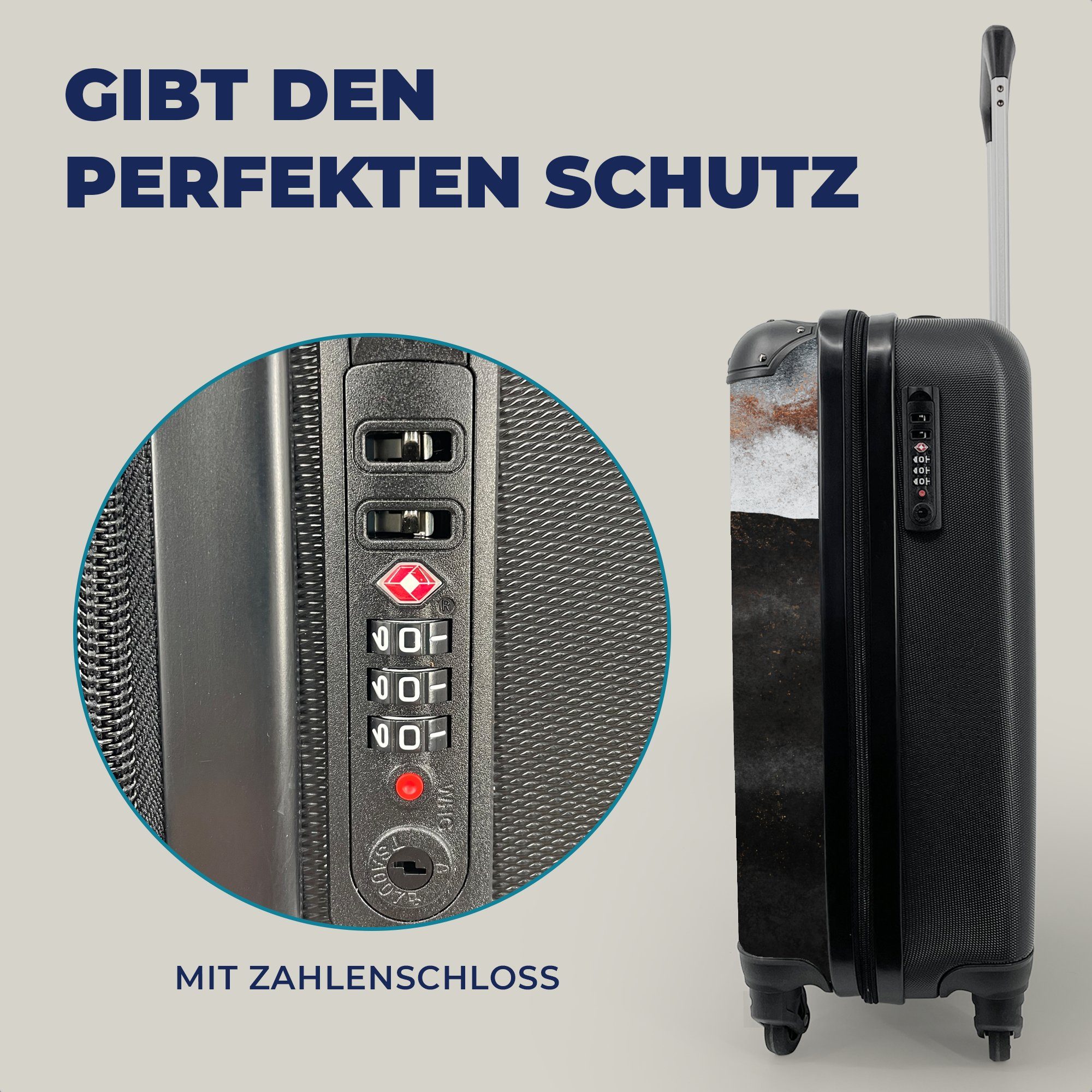 MuchoWow Handgepäckkoffer Grau, 4 - Reisetasche Chic Reisekoffer - Rollen, Handgepäck rollen, Gold Trolley, Abstrakt für - Ferien, mit - Schwarz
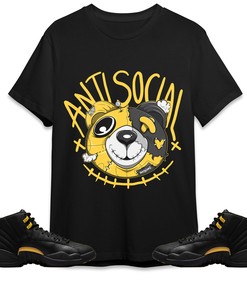 Anti Social Head Ber Unisex Shirt Match Jordan 12 Black Taxi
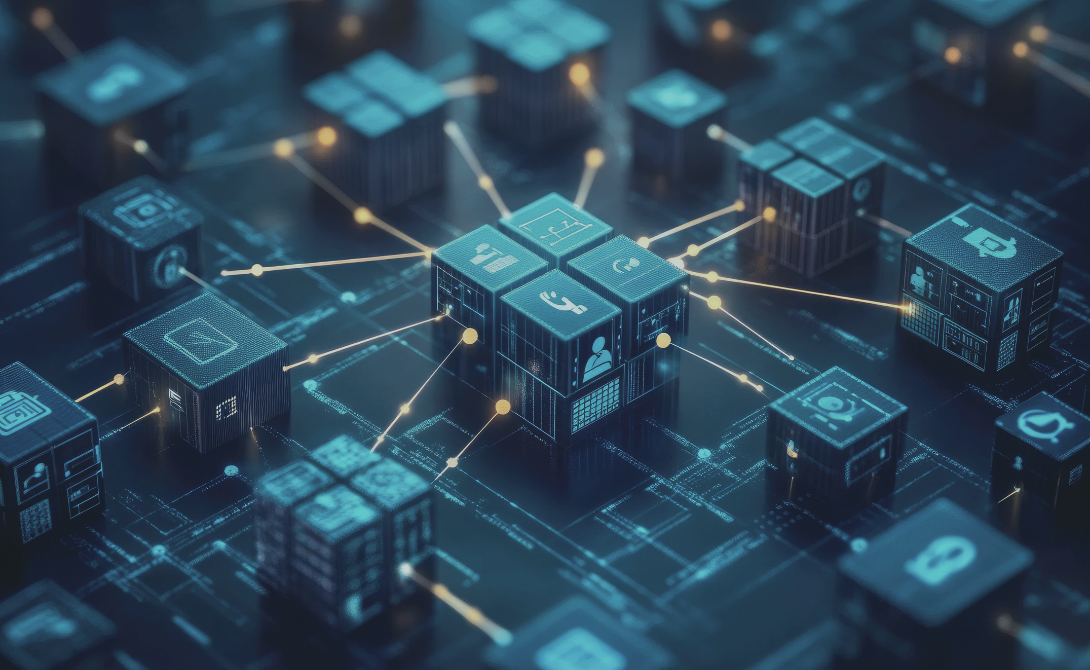 Abstract representation of a modular IT architecture with interconnected digital building blocks and data nodes.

=-=-=-=-=

Task requirements:
Your answer must be an exact copy of the data above, minus its pictures.

Task answer:
 MuchoWow Handgepäckkoffer Grau, 4 - Reisetasche Chic Reisekoffer - Rollen, Handgepäck rollen, Gold Trolley, Abstrakt für - Ferien, mit - Schwarz
 Anti Social Head Ber Unisex Shirt Match Jordan 12 Black Taxi
 Abstract representation of a modular IT architecture with interconnected digital building blocks and data nodes.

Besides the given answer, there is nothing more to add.